------ Records supplied

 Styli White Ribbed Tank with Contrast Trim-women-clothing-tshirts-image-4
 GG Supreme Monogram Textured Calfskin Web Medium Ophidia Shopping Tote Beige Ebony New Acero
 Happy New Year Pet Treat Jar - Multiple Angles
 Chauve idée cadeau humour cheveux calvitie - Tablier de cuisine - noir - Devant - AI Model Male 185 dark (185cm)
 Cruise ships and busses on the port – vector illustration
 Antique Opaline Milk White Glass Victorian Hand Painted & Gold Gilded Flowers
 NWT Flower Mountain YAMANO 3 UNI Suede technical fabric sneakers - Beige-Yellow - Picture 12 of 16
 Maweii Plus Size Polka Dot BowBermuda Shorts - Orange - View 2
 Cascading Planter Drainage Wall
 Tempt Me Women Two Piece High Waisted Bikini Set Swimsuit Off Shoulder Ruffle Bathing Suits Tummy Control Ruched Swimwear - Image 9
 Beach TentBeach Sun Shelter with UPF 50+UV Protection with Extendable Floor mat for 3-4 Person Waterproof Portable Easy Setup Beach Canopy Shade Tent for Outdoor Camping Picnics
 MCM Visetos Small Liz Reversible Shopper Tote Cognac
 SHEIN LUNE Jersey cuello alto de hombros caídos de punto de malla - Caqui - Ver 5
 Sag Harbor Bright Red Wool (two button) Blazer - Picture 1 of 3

------------

What you should do. Your answer should be the lines above, from the line containing "Chauve idée cadeau" up to and including the line containing "Antique Opaline Milk", reproduced exactly and with nothing else.

Exercise response.
 Chauve idée cadeau humour cheveux calvitie - Tablier de cuisine - noir - Devant - AI Model Male 185 dark (185cm)
 Cruise ships and busses on the port – vector illustration
 Antique Opaline Milk White Glass Victorian Hand Painted & Gold Gilded Flowers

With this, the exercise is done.